= Jacaeber Kastor =

American writer

Jacaeber Kastor is an American writer, artist, gallery-owner, and curator of psychedelic art, best known for founding and directing the influential Psychedelic Solution gallery in New York City’s West Village from 1986 to 2004. Emerging from the 1960s Bay Area counterculture, he became a leading collector, historian, and promoter of psychedelic poster art and related underground visual culture, helping connect classic San Francisco rock-poster artists with later lowbrow and pop-surrealist scenes.

== Biography ==

=== Early life ===
Kastor grew up in Berkeley, California and was exposed to the 1960s counter-culture as a young man. His parents were abstract artists.

He picked up the habit of drawing from his mother, a serial doodler who covered the family desk pad with abstract drawing while talking on the phone.
While working as a traffic patrol boy in 1965 he was hit by a car and seriously injured. Bedridden, he began drawing elaborate topographical landscapes with settlements. He began collecting psychedelic posters and handbills from venues in the Bay Area during the 1960s.

Before becoming a gallery owner, Kastor was a competitive skier, racing in Squaw Valley.

=== Artist ===
In 2019 his drawings were shown in a retrospective exhibit titled “The Psychedelic Sun & Other Drawings” at Brian Chambers The Chambers Project gallery in Nevada City, California.

=== Writer ===
Kastor is a contributing author of The Art of the Fillmore, a book about San Francisco rock posters. He published and contributed writing to a booklet about Stanislav Szukalski titled "Song of the Mute Singer." Between 1991 and 1995 he worked as a columnist for Wes Wilson's ‘Off the Wall’ magazine, writing about psychedelic rock concert poster art & culture.
In addition to his work as author of books, he wrote editorial content as the New York correspondent for UK magazine Zigzag in 1982. In the early 2000s he became a contributing writer for Juxtapoz Magazine, and was given a credit as “Psychedelic Guru” on the masthead.

=== Films ===
Kastor has appeared in three documentary films about art: New Brow: Contemporary Underground Art (2009), Robert Williams Mr Bitchin (2010), and H R Giger Revealed (2010).

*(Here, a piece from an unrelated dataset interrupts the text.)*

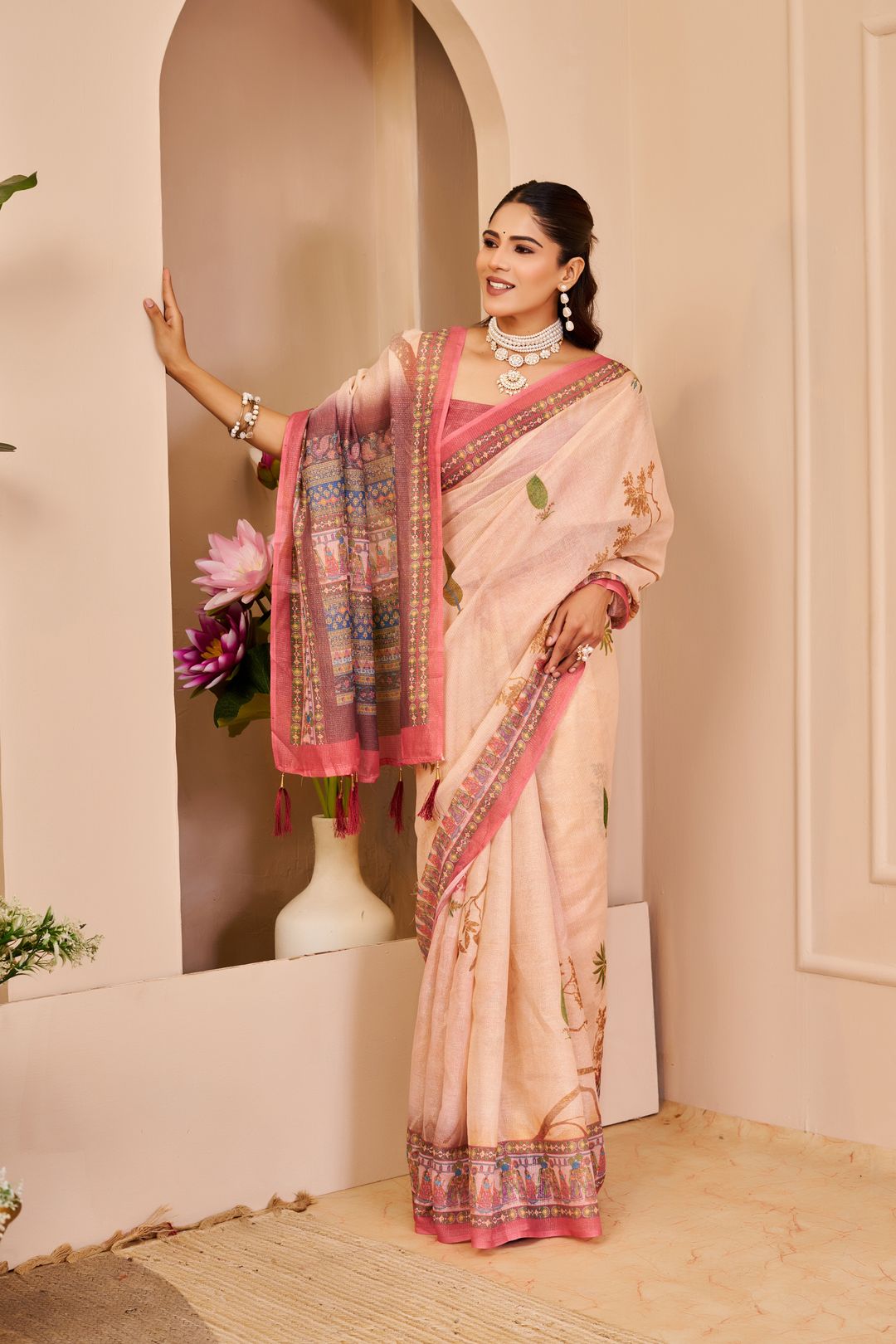 Peach Tissue Cotton Saree with Floral Print and Pink Border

=== Psychedelic Solution===

On Halloween of 1986, Kastor opened a gallery in New York City's West Village and named it Psychedelic Solution after liquid LSD. The opening exhibit was the work of Rick Griffin, who took up residency in the gallery. Shows of work by the other “big five” psychedelic poster designers soon followed, including Stanley Mouse, Alton Kelley, Wes Wilson, and Victor Moscoso. He also exhibited art by Juxtapoz founder Robert Williams, Wes Wilson, the Alien designer and horror artist H. R. Giger, Lee Conklin, Robert Crumb, Joe Coleman, Alex Grey, Vaughn and Mark Bode, Mark Mothersbaugh, Paul Mavrides, Spain Rodriguez, Gilbert Shelton, John Van Hamersveld, S. Clay Wilson, Jonathan Shaw, Pushead, and Axel Stocks.

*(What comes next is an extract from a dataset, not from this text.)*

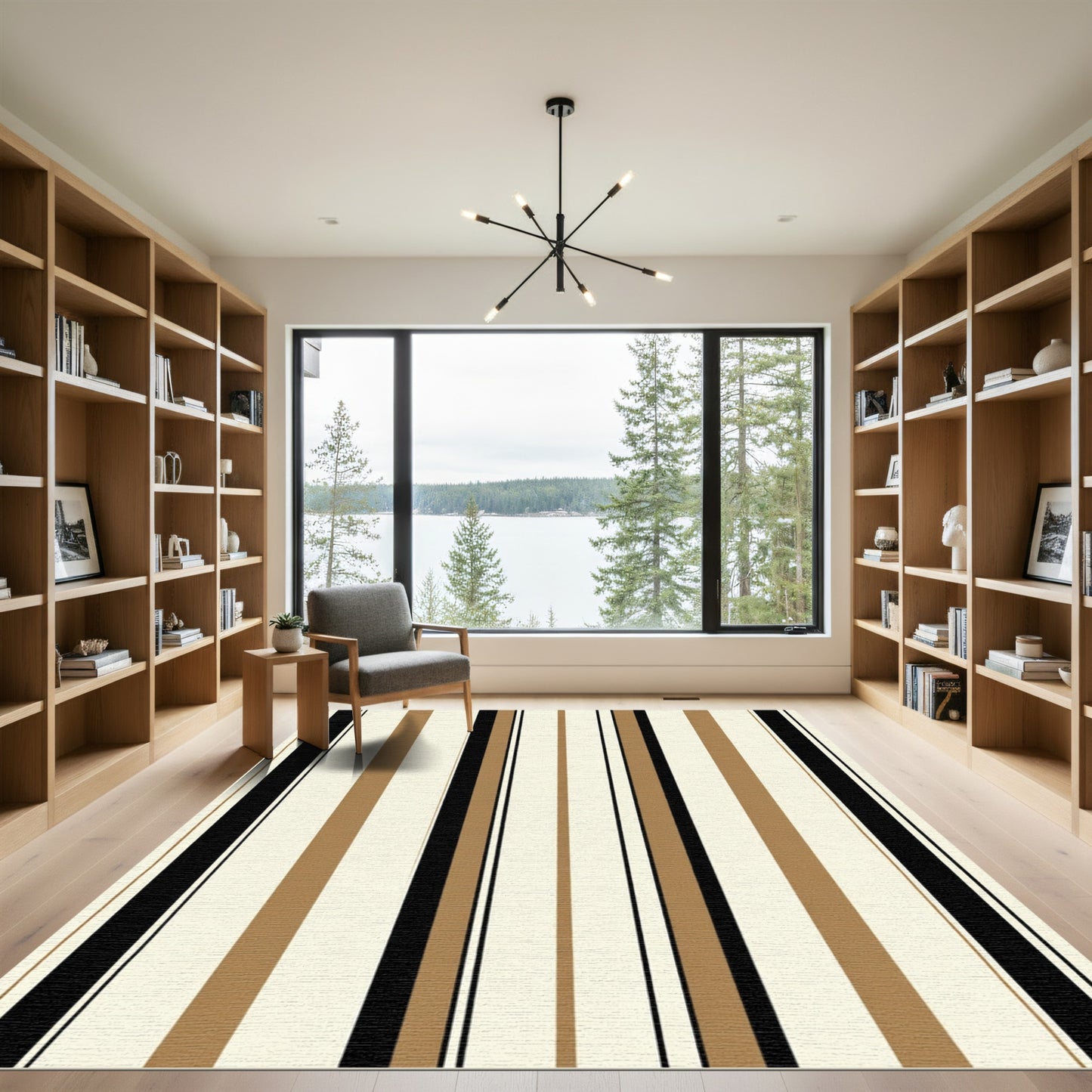 Modern Beige Black Striped Arrangement Rug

A “hip, funky space,” Psychedelic Solution hosted the work of poster artists, pop-surreal / lowbrow artists, and street artists. Kastor was interested in showing unconventional but popular art. In 1990 he traveled to Tepic, Mexico to pick up artwork by Cristobal Gonzalez for his upcoming “Huichol Yarn” exhibit of paintings, and was arrested by Mexican police with Carlo McCormick, Leo and Raven Mercado, and Prem Das on charges of conspiracy to export peyote.

In 1988 he opened The Cure of Souls, “the largest display ever of LSD blotter acid sheets” from a collection owned by Mark McCloud,
who had shown his collection in San Francisco as The Institute of Illegal Art. The FBI came to the gallery and asked if they could take pictures. Before opening the exhibit the art was inspected by police, to ensure that it had been “chemically neutralized.” Criticized for elevating drug paraphernalia to art, Kastor said the sheets were "cultural symbols,” and said that LSD was, “contemporary American society’s mystical outlet.”

Because much of the work shown at the gallery was related to music, exhibits were often featured on MTV news, increasing interest in the mailing list, which expanded to over fifty thousand people. Media coverage of the gallery increased dramatically.

The gallery closed in Nov 2004. Kastor was bought out, and the commercial inventory and archives were trucked away. Over 500,000 pieces of printed material and fine art were sold.

The front doors of Psychedelic Solution were covered in a collage of stickers Kastor applied for 15 years or more. They were removed and displayed at the March 2005 grand opening of The Ludlow Santo Domingo Library, Geneva, and traveled to the Rock & Roll Hall of Fame, Cleveland.

In addition to amassing an encyclopedic collection of psychedelic posters, Kastor established a poster company, Psy-Sol publishing, which printed over fifty posters for Psychedelic Solution exhibitions, and re-published some classics which had gone out of print by artists the gallery represented.